To me, this suggests that modern farming—with expensive seeds and fertilizers, and bills for water and fuel to pump the water—has to be accompanied by better control over prices, and efforts to improve storage. I’ll have to read more of Enough to see what remedies the authors suggest.
“Since the time of the Green Revolution, the world has known how to end famine and tame chronic hunger,” Enough says. “We have the information and tools. But we haven’t done it.”
For one thing, “we’re falling behind [on ending hunger] not so much because of a population increase but because of the population’s increased prosperity.” People are eating more meat and dairy, and we’re feeding more and more of the grains we grow to livestock.
(I never really thought about it until I read Tristram Stuart’s book Waste, but many livestock—like pigs and chickens—used to live on our food wastes and other things, like worms, that we didn’t want to eat. Feeding our livestock on grains we could eat ourselves is a very new thing, and underlies a lot of problems with the food system.)
Then there’s biofuels—thirsty engines competing with hungry mouths, Enough points out. Meanwhile, it seems the world’s resolve has eroded on maintaining grain reserves in case of emergency.

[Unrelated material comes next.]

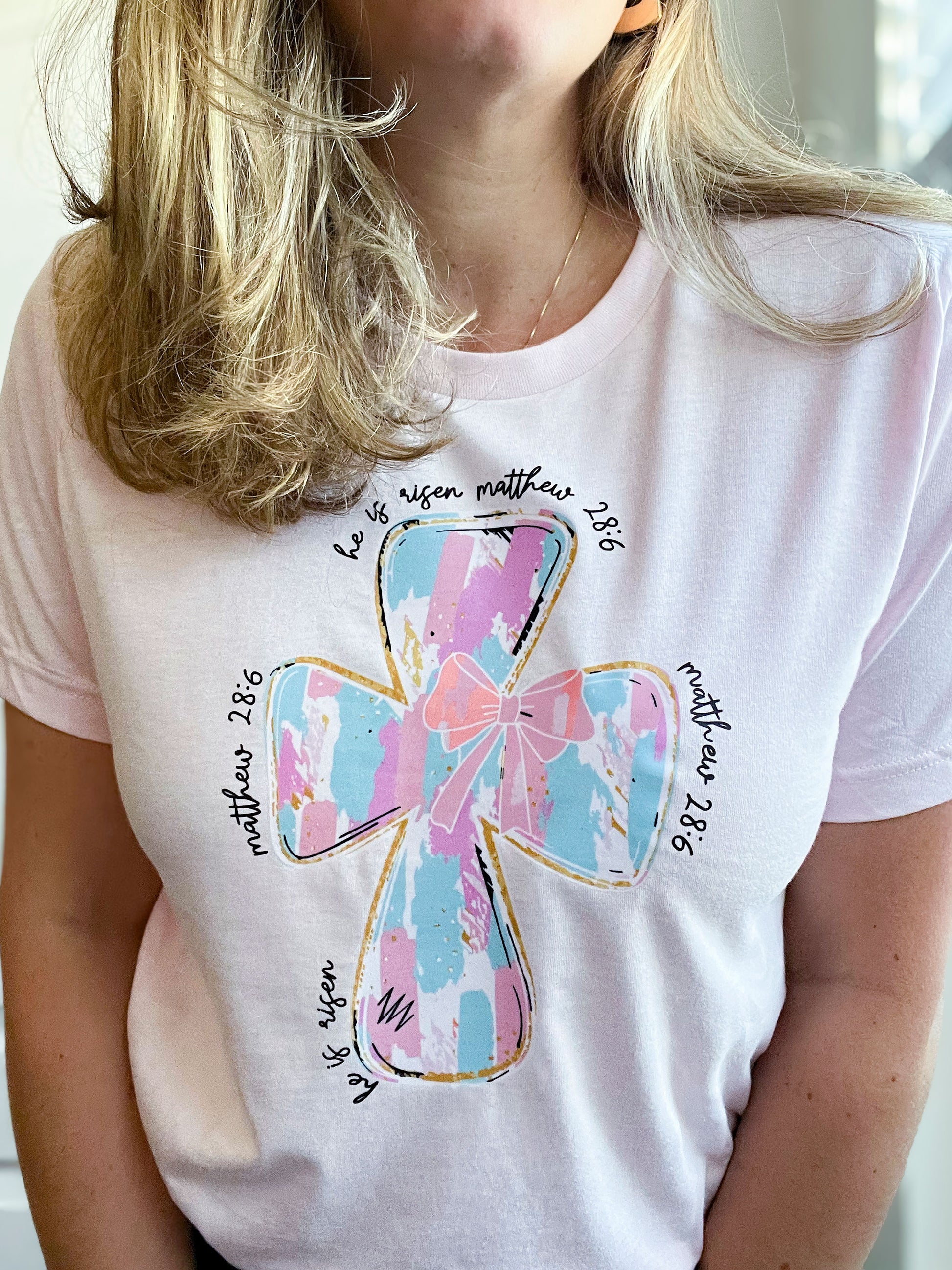 Woman wearing a light pink T-shirt featuring a large pastel cross design in shades of blue, pink, and white with gold outlines. Surrounding the cross, the text reads ‘He is risen’ and ‘Matthew 28:6’ in a handwritten-style font.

Meanwhile, yields haven’t been rising they way they used to. “In India and Pakistan and across Asia, complacency over the rising production had sapped the political will to keep the momentum of agricultural development going.”

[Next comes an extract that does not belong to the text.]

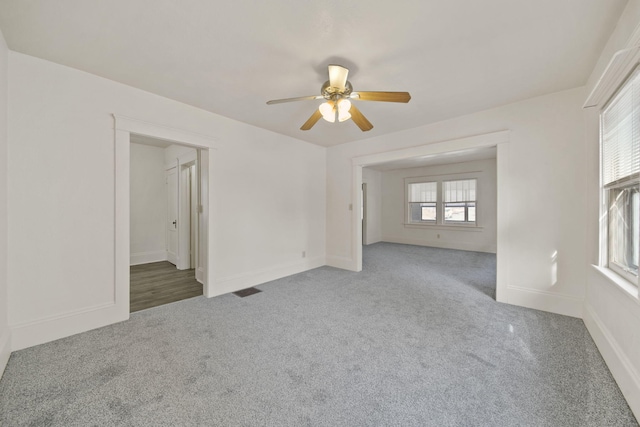 carpeted empty room with ceiling fan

(I’m not sure that’s the root cause of the slowing improvements. It could be diminishing returns of high-input, industrialized agriculture itself. Perhaps they could keep boosting yields, but would other parts of the food system—such as transport to markets, and storing grain reserves—keep up, to make everything work? And, more fundamentally, would those boosted yields be sustainable?)

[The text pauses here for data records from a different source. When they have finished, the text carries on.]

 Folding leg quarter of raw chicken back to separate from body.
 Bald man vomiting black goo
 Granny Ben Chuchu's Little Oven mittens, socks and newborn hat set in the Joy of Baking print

Whatever the causes, it’s good to have a reminder that “much of the chronic, everyday hunger in the world is now a man-made catastrophe,” as Enough puts it. That helps us know where to look for remedies. We could develop more drought-resistant crops, for example, but changing other parts of the food system might have bigger payoffs.
Farm subsidies are one place to start. The authors, both reporters at The Wall Street Journal, are even-handed on this topic. “Farm subsidies in the United States and Europe, for instance, started out as a vehicle for helping poor farmers recover from economic calamity or war. But over the years they have grown to be a matter of addiction.”
But these authors are no anti-subsidy zealots. “The internatinoal financial institutions controlled by the United States and Europe have long forbade African governments from subsidizing their own farmers if they are to receive any loans.”
This is all standard stuff from the likes of Michael Pollan or Walden Bello—who I like, by the way. But it’s good to see these mainstream reporters making these points, too.